Input data
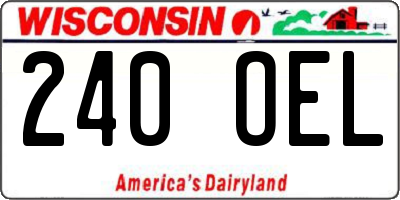 WI license plate 240OEL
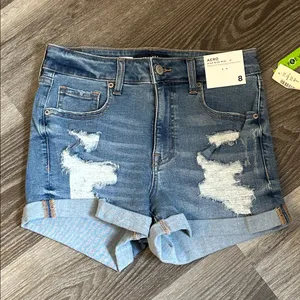 Aeropostale Women's Blue Denim High Rise Midi Shorts 3” thumbnail 3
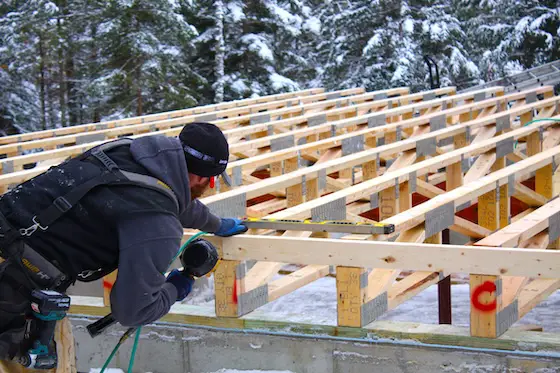 floor trusses installed in the winter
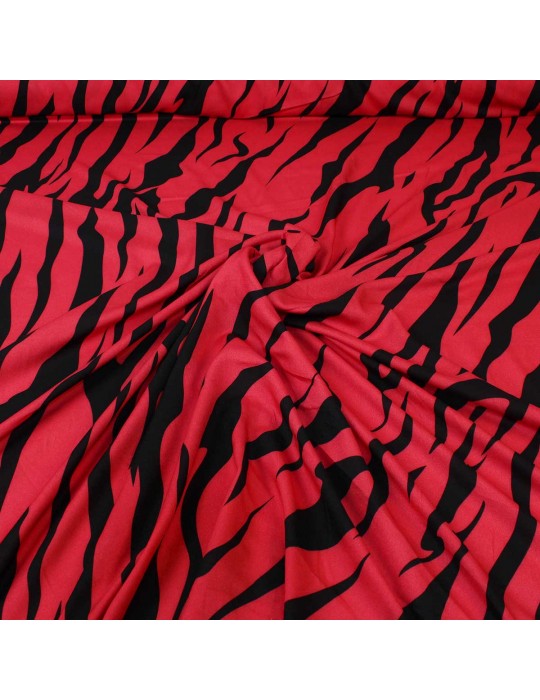Tissu viscose imprimé rouge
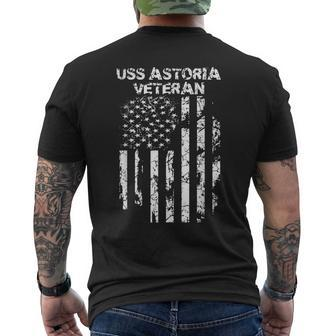 Uss Astoria Military Veteran Distressed Usa Flag Men's T-shirt Back Print | Mazezy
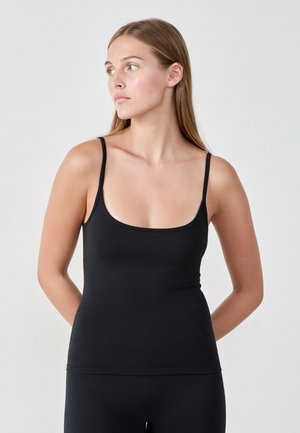 Black fitted tank top with thin straps, scoop neckline, and smooth texture. Designed for casual wear with a close-to-body fit.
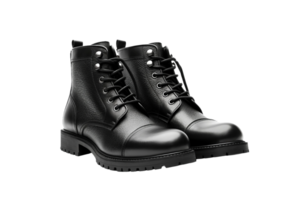 AI generated Sleek Black Leather Boots on a transparent background. png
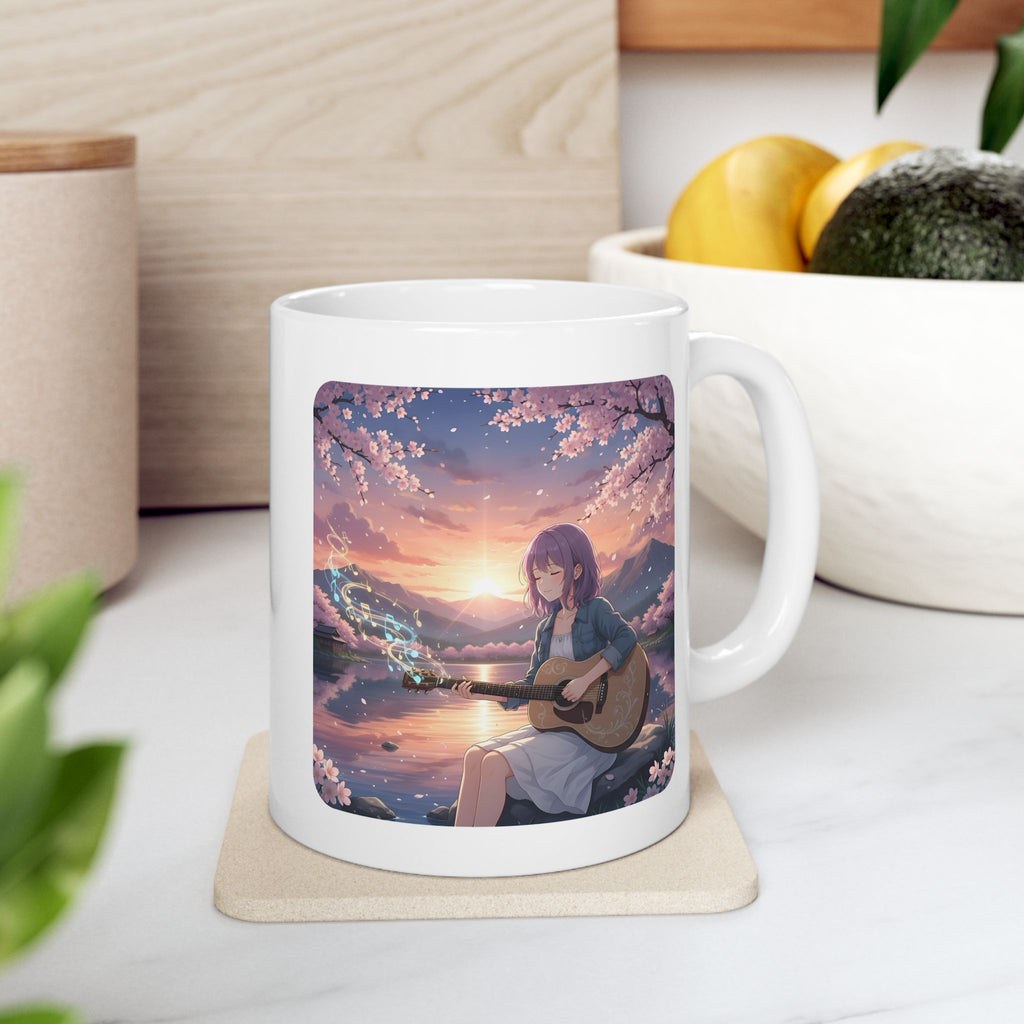 Cozy Sakura Guitarist Cherry Blossom White Ceramic Mug — Romantic Sunset Lake Melody Floral Tea Cup (11oz/15oz)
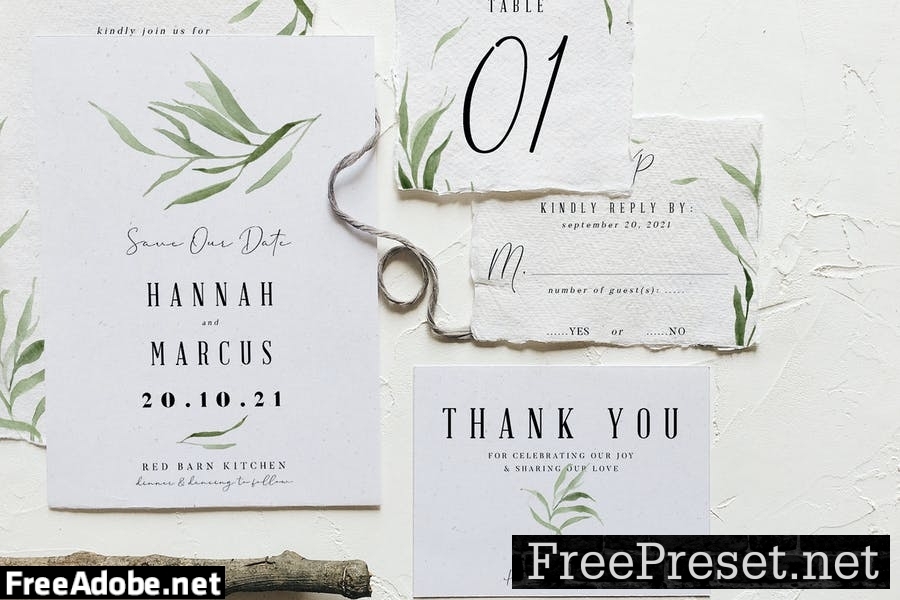 Dusty Green Foliage Wedding Suite JQHNCPX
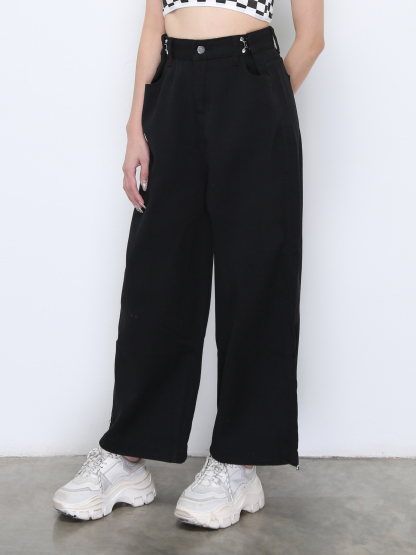High Waist Waist Button Long Pants 22031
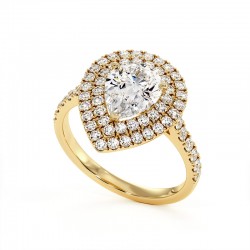 Anillo de Diamante Talla Pera Doble Halo Mi Vida Oro Amarillo 18k - Maison Celinni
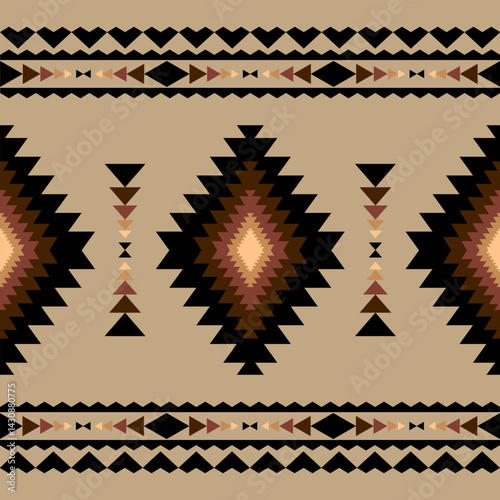 Geometric shapes create a geometric ethnic inspired pattern with brown and tan color palette for textile or decorative background usage.
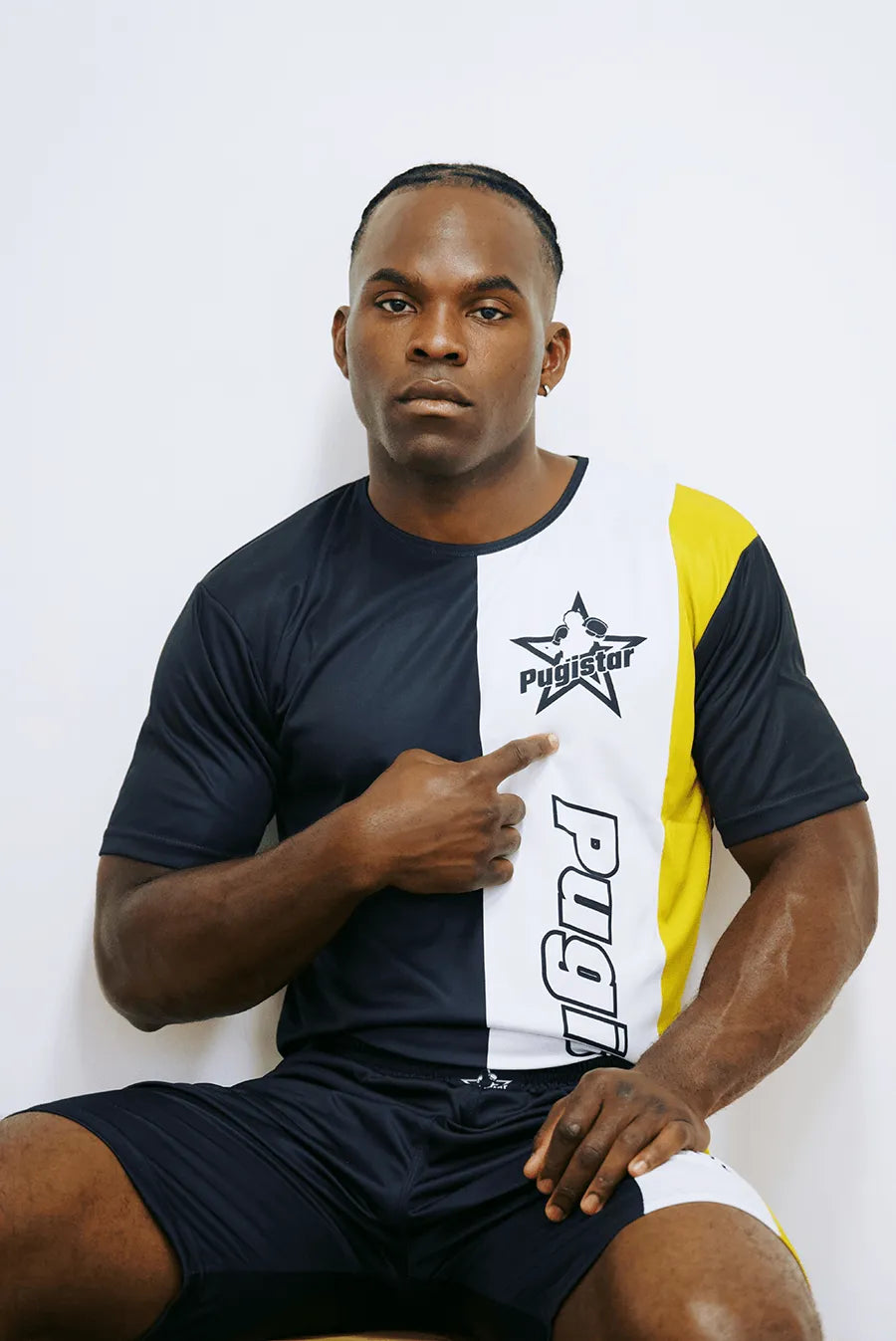 Ensemble short + tee-shirt Homme noir, blanc et Or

Prompt
In your copy, include no pictures, but reproduce all records exactly.

Result
 WI license plate 240OEL
 Aeropostale Women's Blue Denim High Rise Midi Shorts 3” thumbnail 3
 floor trusses installed in the winter
Tissu viscose imprimé rouge
 Uss Astoria Military Veteran Distressed Usa Flag Men's T-shirt Back Print | Mazezy
 Black fitted tank top with thin straps, scoop neckline, and smooth texture. Designed for casual wear with a close-to-body fit.
 AI generated Sleek Black Leather Boots on a transparent background. png
 Cozy Sakura Guitarist Cherry Blossom White Ceramic Mug — Romantic Sunset Lake Melody Floral Tea Cup (11oz/15oz)
 Dusty Green Foliage Wedding Suite JQHNCPX
High Waist Waist Button Long Pants 22031
 Anillo de Diamante Talla Pera Doble Halo Mi Vida Oro Amarillo 18k - Maison Celinni
 Geometric shapes create a geometric ethnic inspired pattern with brown and tan color palette for textile or decorative background usage.
 Ensemble short + tee-shirt Homme noir, blanc et Or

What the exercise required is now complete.